--- What to work on ---
Copy, word for word, the lines of the listing below from the line with "4 Bedroom Property" up to and including the line with "微微風簇浪，散作滿河星。貢覺群培攝". Drop the pictures.
----- Recorded data -----
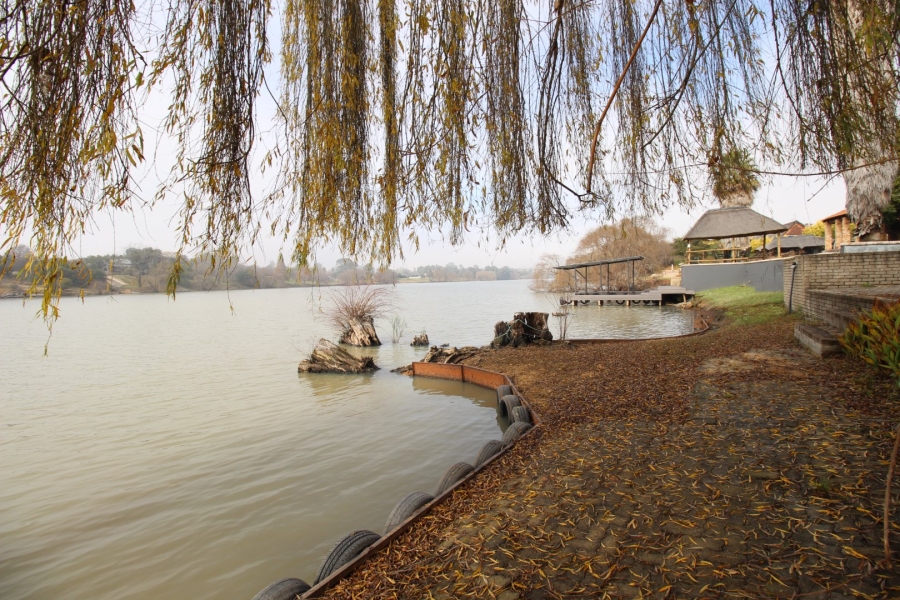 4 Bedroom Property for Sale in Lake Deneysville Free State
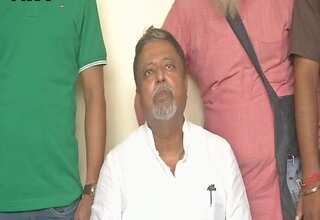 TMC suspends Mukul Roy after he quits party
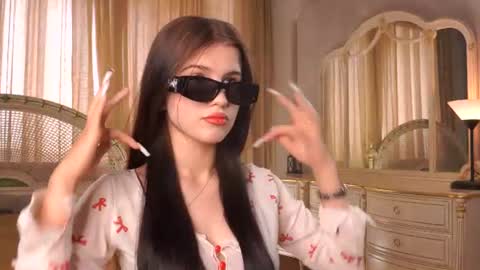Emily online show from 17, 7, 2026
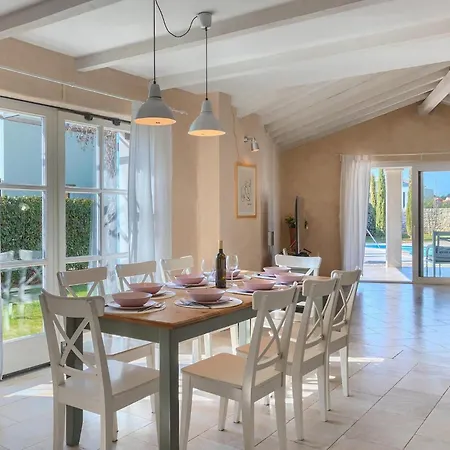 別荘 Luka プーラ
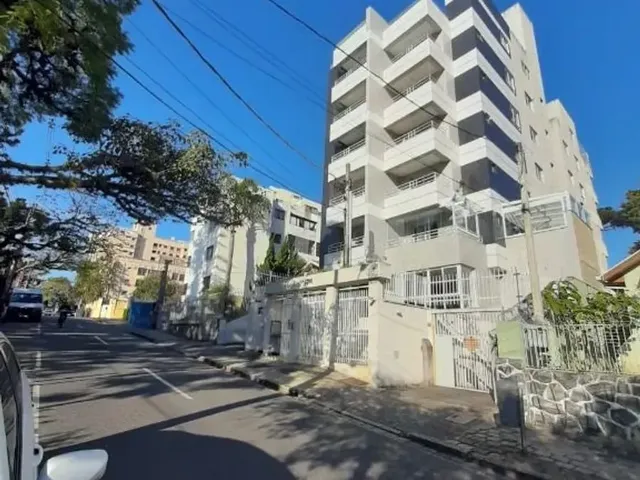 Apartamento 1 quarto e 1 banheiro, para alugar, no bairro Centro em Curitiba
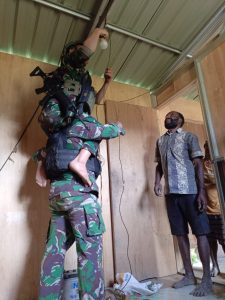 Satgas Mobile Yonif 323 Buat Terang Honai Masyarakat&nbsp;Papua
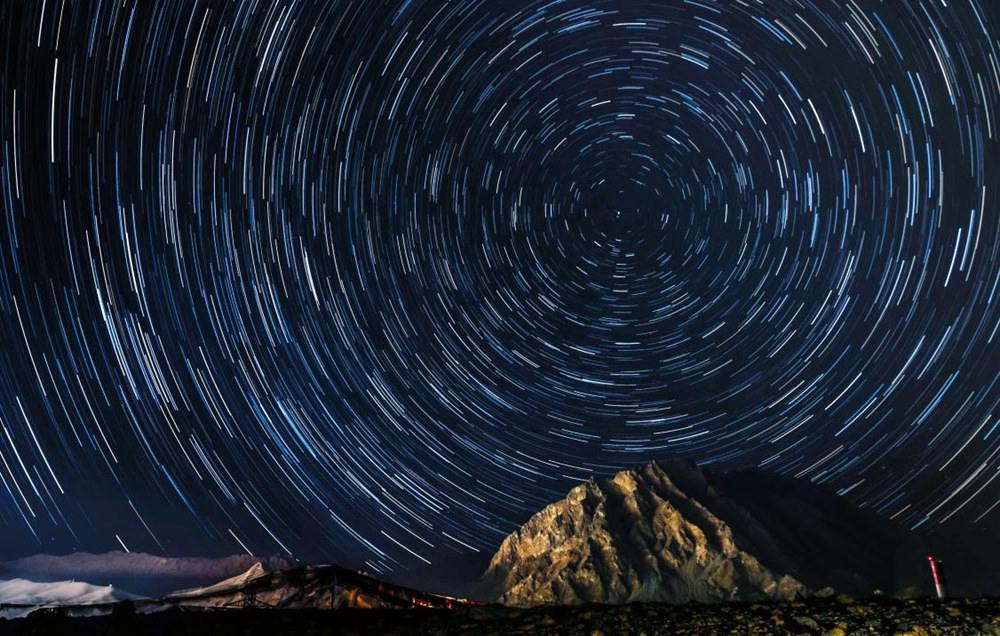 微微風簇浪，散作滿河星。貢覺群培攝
-----
----- Recorded data -----
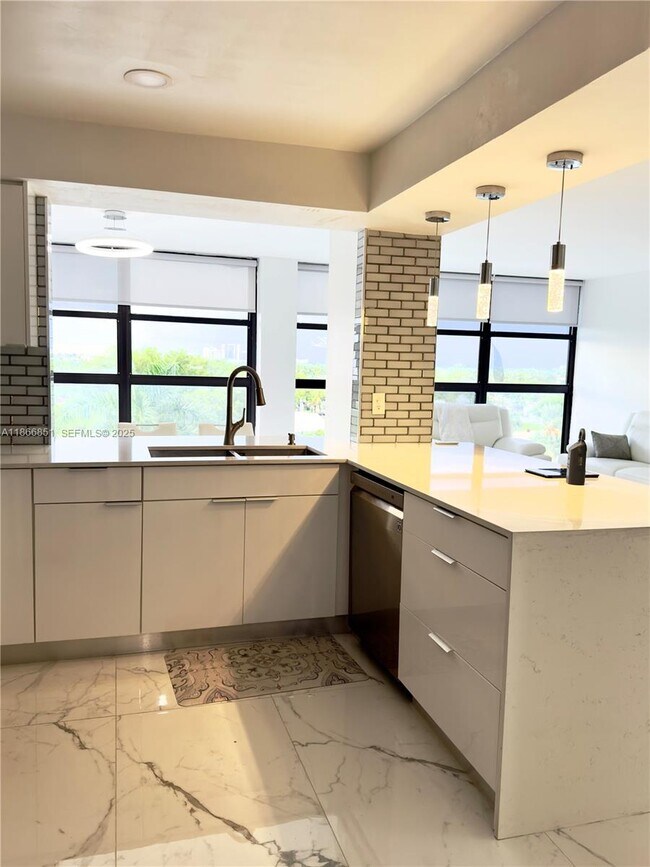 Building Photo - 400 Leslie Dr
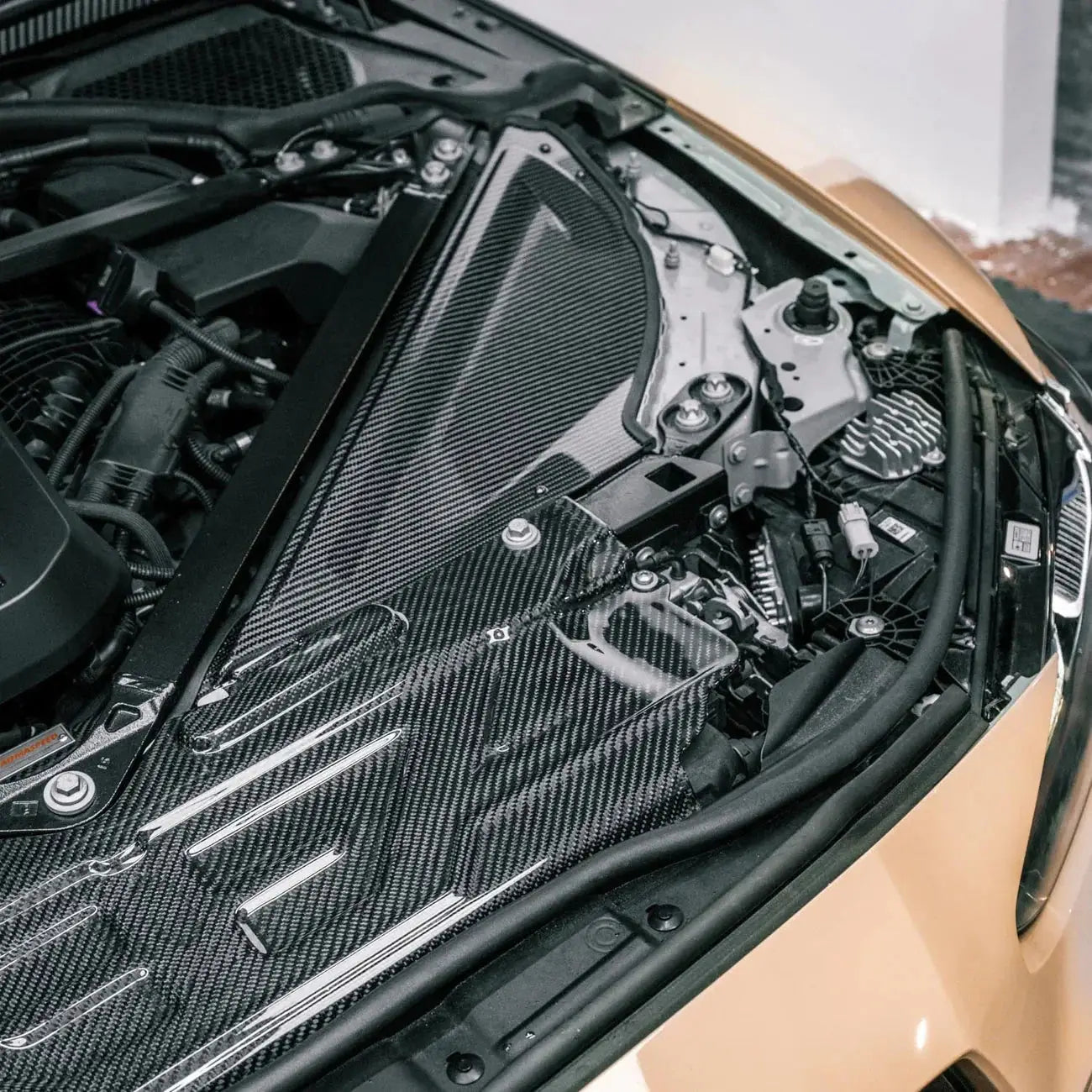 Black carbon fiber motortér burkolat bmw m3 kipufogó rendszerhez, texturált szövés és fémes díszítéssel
-----
--- Exercise answer ---
 4 Bedroom Property for Sale in Lake Deneysville Free State
 TMC suspends Mukul Roy after he quits party
Emily online show from 17, 7, 2026
 別荘 Luka プーラ
 Apartamento 1 quarto e 1 banheiro, para alugar, no bairro Centro em Curitiba
 Satgas Mobile Yonif 323 Buat Terang Honai Masyarakat&nbsp;Papua
 微微風簇浪，散作滿河星。貢覺群培攝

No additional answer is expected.